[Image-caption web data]

+---+

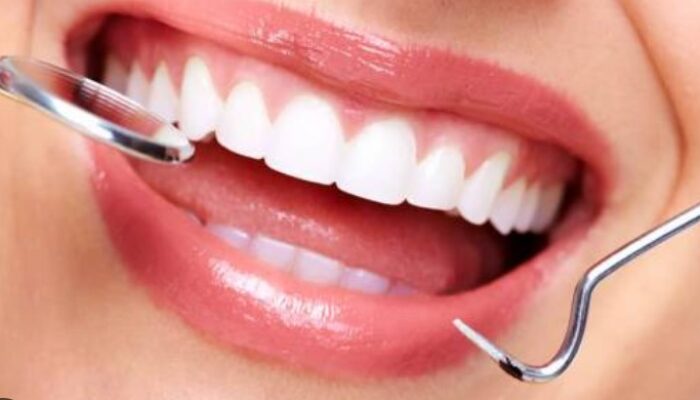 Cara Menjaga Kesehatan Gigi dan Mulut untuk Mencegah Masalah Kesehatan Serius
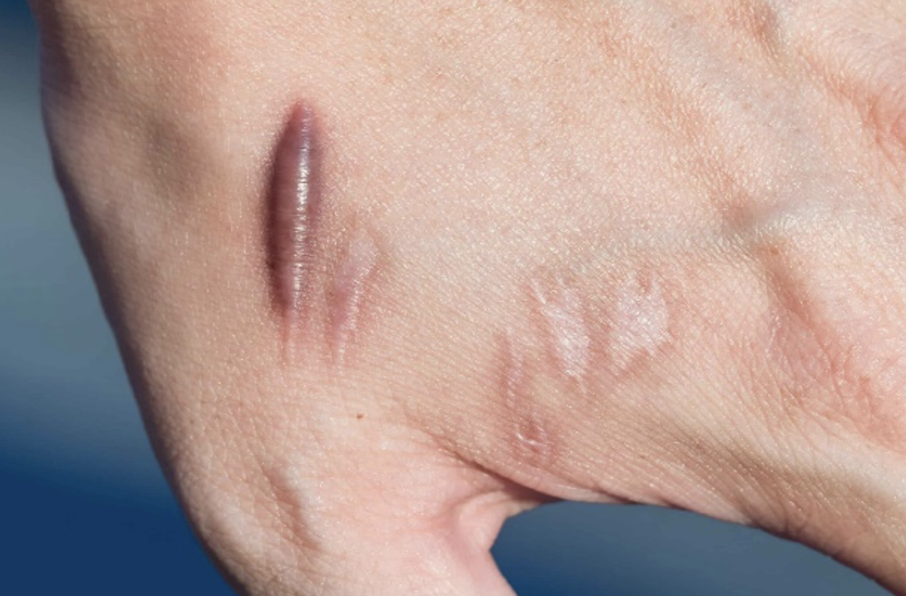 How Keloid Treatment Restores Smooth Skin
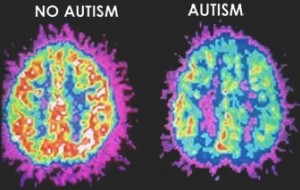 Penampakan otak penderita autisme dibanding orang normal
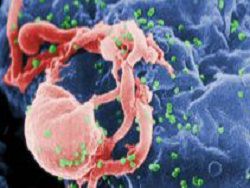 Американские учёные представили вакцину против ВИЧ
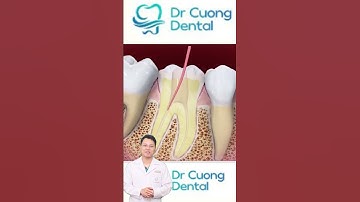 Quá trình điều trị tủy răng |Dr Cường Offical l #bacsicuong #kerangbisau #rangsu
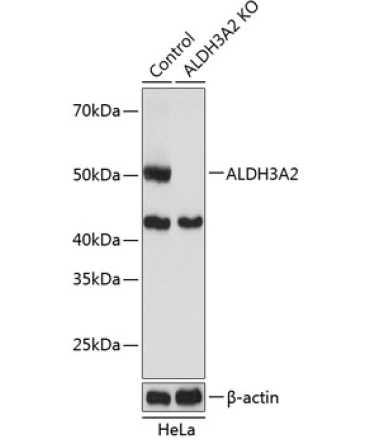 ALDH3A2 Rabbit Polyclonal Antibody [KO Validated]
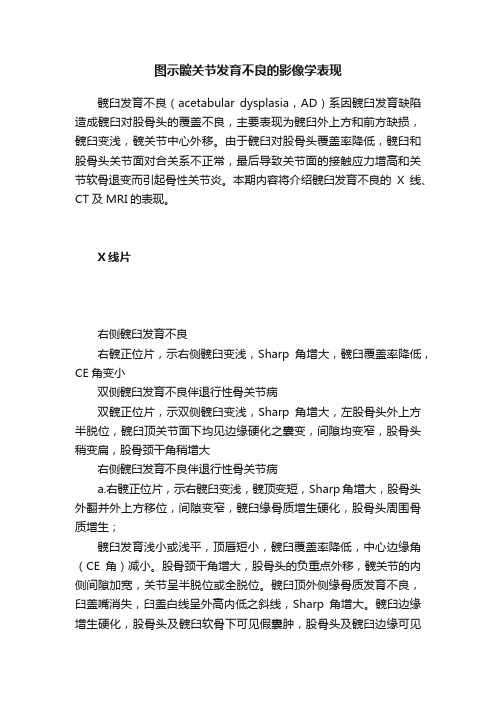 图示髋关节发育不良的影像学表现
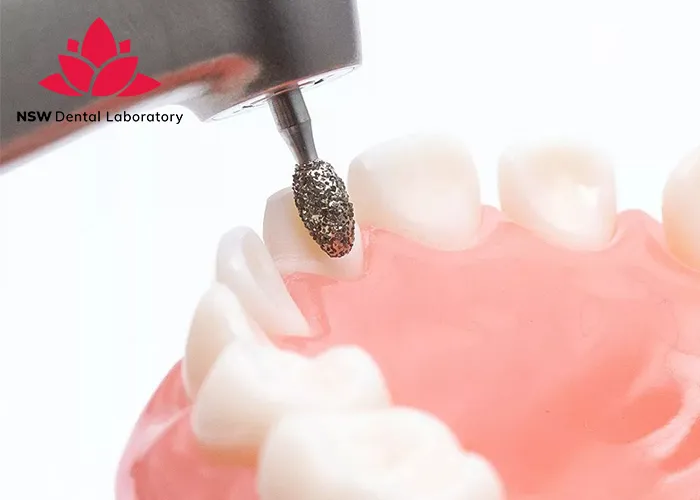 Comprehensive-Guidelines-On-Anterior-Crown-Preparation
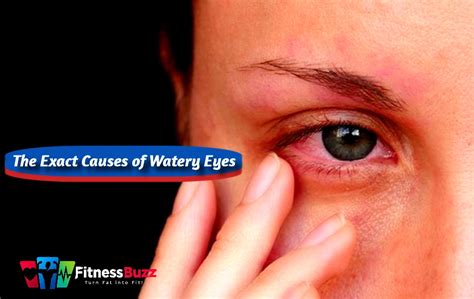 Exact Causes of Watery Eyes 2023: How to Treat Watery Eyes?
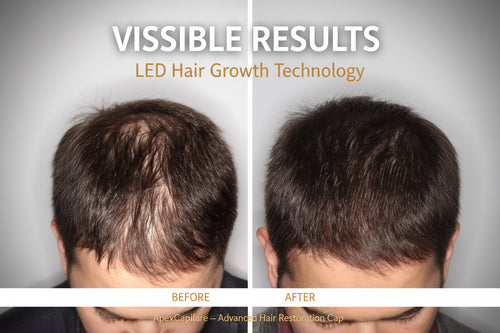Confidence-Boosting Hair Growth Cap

+---+

**What to produce:** In the copy, include every line of the entries above exactly and none of the pictures.

**Task result:**
 Cara Menjaga Kesehatan Gigi dan Mulut untuk Mencegah Masalah Kesehatan Serius
 How Keloid Treatment Restores Smooth Skin
 Penampakan otak penderita autisme dibanding orang normal
 Американские учёные представили вакцину против ВИЧ
 Quá trình điều trị tủy răng |Dr Cường Offical l #bacsicuong #kerangbisau #rangsu
 ALDH3A2 Rabbit Polyclonal Antibody [KO Validated]
 图示髋关节发育不良的影像学表现
 Comprehensive-Guidelines-On-Anterior-Crown-Preparation
 Exact Causes of Watery Eyes 2023: How to Treat Watery Eyes?
Confidence-Boosting Hair Growth Cap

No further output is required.